A partial archive of discourse.wicg.io as of Saturday February 24, 2024.

Efficiently Get ImageData from a Video MediaStreamTrack


Per advice from @annevk, posting this here as a problem-oriented discussion, rather than the solution-oriented proposal I made on the whatwg/html repository.


Getting ImageData for a frame from a video MediaStreamTrack, so that it may be processed in JavaScript, is inefficient. Highly inefficient in terms of memory usage, and moderately inefficient in terms of CPU usage.

If trying to process all frames in a video, the ImageData garbage (frames you’ve already processed) can quickly become large, for 1080p@30 FPS, that’s 240 MB/sec of discarded frames. Depending on the GC implementation, and the power of the device, this can render it unusable. Firefox on a Raspberry Pi 3, for example, will eat through all 1 GB of system memory in a few seconds.
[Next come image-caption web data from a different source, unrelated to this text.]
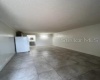 43420 HIGHWAY 27, DAVENPORT, Florida 33837, 1 Bedroom Bedrooms, ,1 BathroomBathrooms,Residential,For Sale,HIGHWAY 27,P4919829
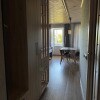 https://cdn-ostrovok-ru-ion.test.edgekey.net/t/100x100/hotel_review/af/ce/afce2fea23b65568a2071a0cb14863f2f3b31acd.JPEG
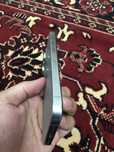 Iphone 15pro sotiladi xolati ideal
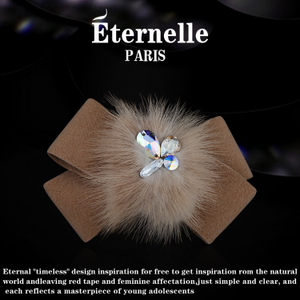 Eternelle f00163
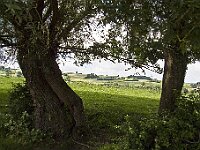 0630 - 04 : Europe, France, Places, Remilly Les Pothees, Remilly-les-Pothées, SJC - 2008, Voyages, zzLocalisations GPS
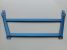 Greenline Motorsports - CUSCO  Power Brace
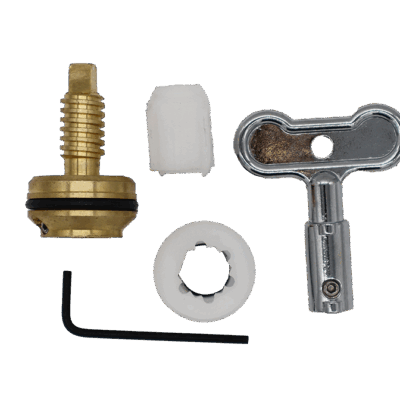 Josam 71050P08U Hydrasan I Hydrant Repair Kit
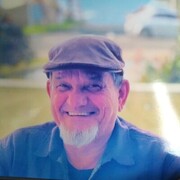  ,   , 64 ,   ,   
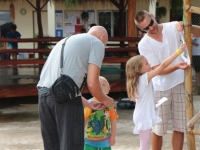 img_3292 img_3292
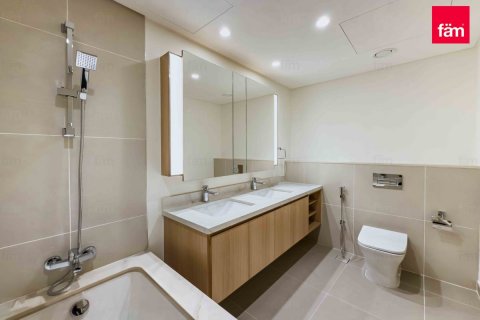 Apartment sa Dubai, UAE 2 silid-tulugan, 101.9 sq.m. № 630447 - larawan 22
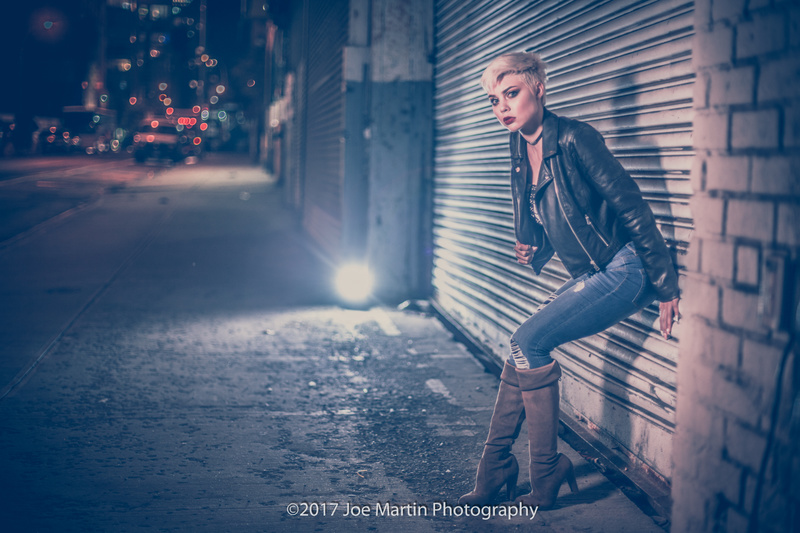 Male model photo shoot of Joe Martin Photography 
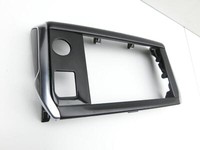 Peugeot 208 I 15-19 Blende Einbaurahmen Abdeckung für Display Mittelkonsole Peugeot 208 I 15-19 27.09.2017... Vorschau 4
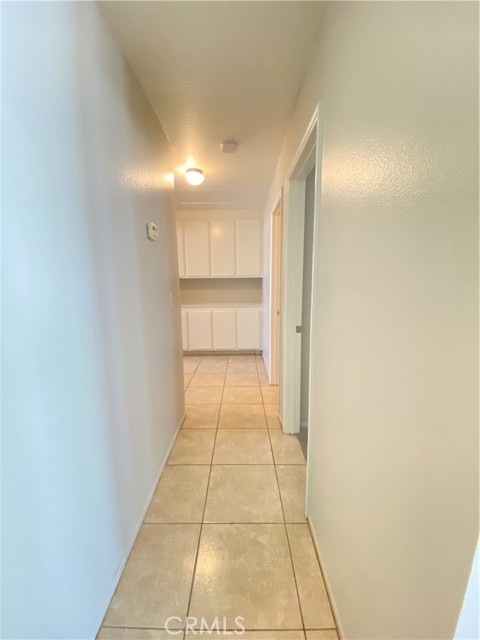 Detail Gallery Image 8 of 15 For 14663 Rio Grande Dr, Moreno Valley,  CA 92553 - 3 Beds | 2 Baths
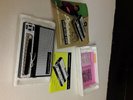 ROLF HARRIS STYLOPHONE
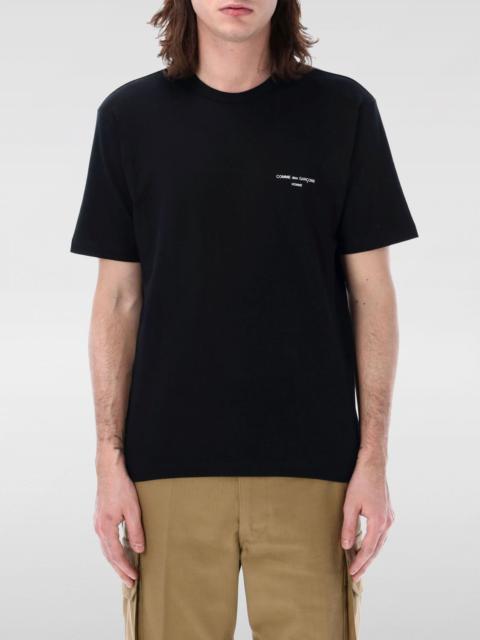Comme Des Garçons T-shirt men Comme Des Garcons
CPU efficiency is also a problem. The current idiom for getting ImageData goes through a canvas, which are increasingly being made GPU-backed for better performance. For capturing video frames from a local webcam, this will mean CPU-to-GPU-to-CPU, which is unnecessarily inefficient.

An earlier post here (RFC: Proposal for integration Streams <--> MediaStreamTrack API) by @miguelao had a proposed solution which dealt with both of these inefficiencies: avoided using the canvas as an intermediary, and had the potential to alleviate memory problems by enabling ReadableStreamBYOBReader (bring-your-own-buffer) since it was adding ReadableStream to MediaSteamTrack.
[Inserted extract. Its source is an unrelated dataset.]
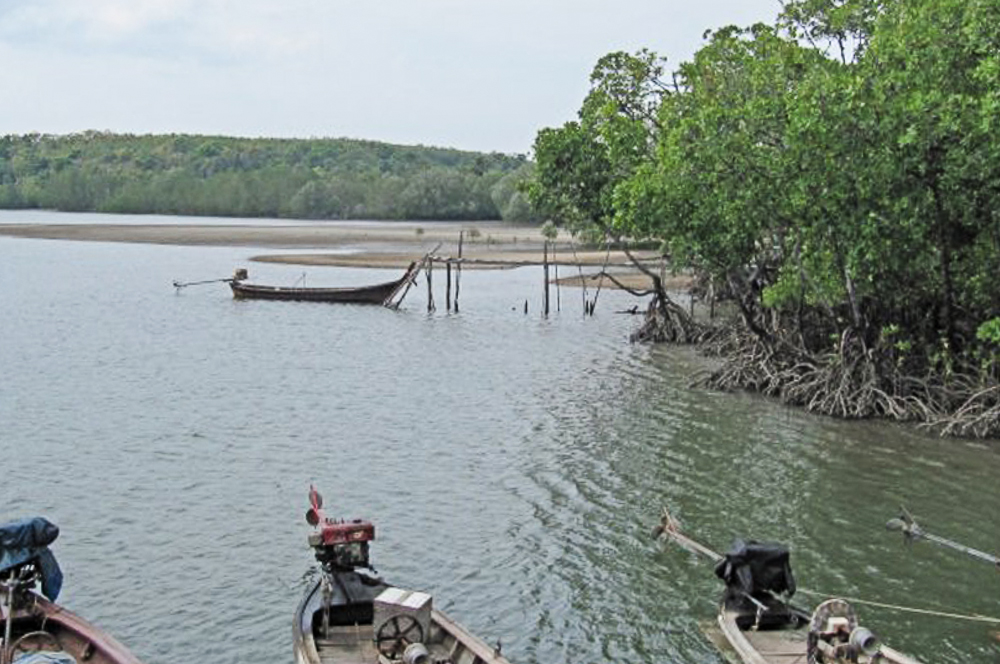 thailand_koyaonoi_phang_nga (2 von 14)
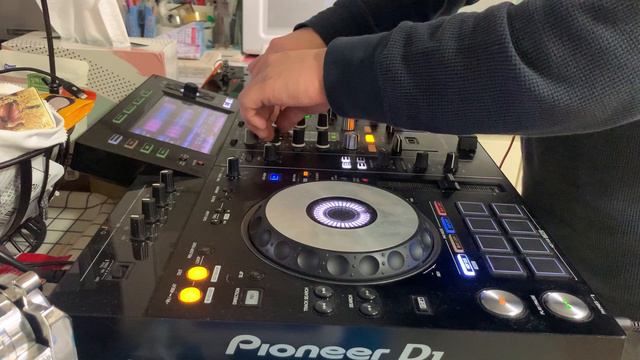 [22-EH-008] Electro House Club Mix (Playlist included) смотреть онлайн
Two years on from that proposal it looks like it stalled out. The overall problem outlined still exists.

Use Cases

  • Barcode reading
  • Face tracking
  • Machine learning
  • Augmented reality

With WASM there’s potential to quickly bring existing libraries which do these things into the JS world, and all you’d need to do is feed them the video data. Inability to efficiently get this data greatly hinders this, especially on lower-spec devices.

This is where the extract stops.